Situación: festival de baile de nuestra hija pequeña después de todo un curso acudiendo, los martes, a una academia de flamenco. Lugar: un teatro con capacidad para varios cientos de personas, con el aforo ocupado hasta la mitad de la sala. Programa: una primera parte compuesta por una horrible sucesión de números de lo que se conoce como baile moderno, hip-hop o no sé de qué otra manera, en los que un puñado de inocentes aprendices (la horquilla iba desde los seis a los catorce años) se contoneaban en una suma de espasmos que prometían futuros desplazamientos de vértebras, con especial incidencia en las cervicales (de la C1 a la C7). De remate, una de ellas realizó el ordinario (por burdo) ejercicio del twerking o perreo, osease un meneo arrebatado de nalgas con la cintura doblada y las posaderas en posición de culo de pato. Nada más lejos del equilibrio, la elegancia y el saber estar propio de las danzas del mundo.
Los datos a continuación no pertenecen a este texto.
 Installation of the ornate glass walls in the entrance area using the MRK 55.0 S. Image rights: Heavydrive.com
Segunda parte: una sucesión de bailes flamencos, con disco y con cante, guitarra y cajón en directo, que nos ofrecieron la pericia y la impericia de bailaoras aficionadas que iban desde los cinco o los seis años, hasta pasados los sesenta. Para entonces los familiares de las estrellas del baile moderno, hip-hop o no sé de qué otra manera llamarlo, estaban entregados a consultar sus teléfonos móviles. Ya no había hija, nieta o sobrina a la que filmar durante su actuación. Ya no había interés alguno en atender a las demás protagonistas del festival.
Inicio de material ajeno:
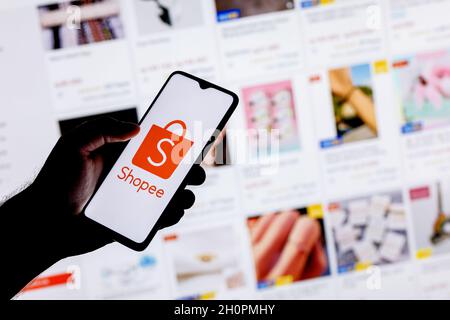 Shopee is e-commerce technology company. Shopping cart with parcels on the  background of the Shopee logo Stock Photo - Alamy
Por supuesto, antes del comienzo del espectáculo una voz grabada había anunciado por megafonía que estaba prohibido sacar cualquier tipo de imagen (fotográfica o de vídeo) durante cada uno de los cuadros del festival. Por supuesto, estamos en España y aquí las voces en off nos las pasamos por el arco del triunfo. «Pues yo le doy al botón REC quieran o no quieran, ¡y que me denuncien! Y si se ponen gallitos, pues además enciendo la linterna». «Pues yo no levanto el dedo del percutor de las fotografías, sonido de cámara réflex en cada instantánea». Pena que no hubiese un agente secreto de la SGAE debajo de una gabardina para retratar -soy metafórico- a tanto maleducado.
Me pregunto por qué el ansia de fotografiarlo todo, de grabarlo todo; me pregunto por qué uno se echa encima esas cadenas que impiden, además, disfrutar del espectáculo de la niña; me pregunto cómo es posible demostrar en público que estás encima de ruegos y prohibiciones; me pregunto la razón por la que, una vez culminada la experiencia familiar, uno es capaz de encender el Instagram y darle al dedo -¡zas, zas!...- hasta el final del espectáculo.
Hubo un momento en el que, llevado por la ira, asomé la cabeza entre las butacas de la fila que tenía delante de mí. Con voz gruesa y todo lo hiriente que pude, solicité a una abuela, a una madre y al sursum corda familiar que bajaran el brillo de sus putas pantallas. La petición hizo su efecto: no se atrevieron a volver a consultar el teléfono hasta que cayó el telón. Mucho me malicio que todos ellos tenían que ver con la niña del twerking o perreo. La mala educación tiene la cualidad del rápido contagio.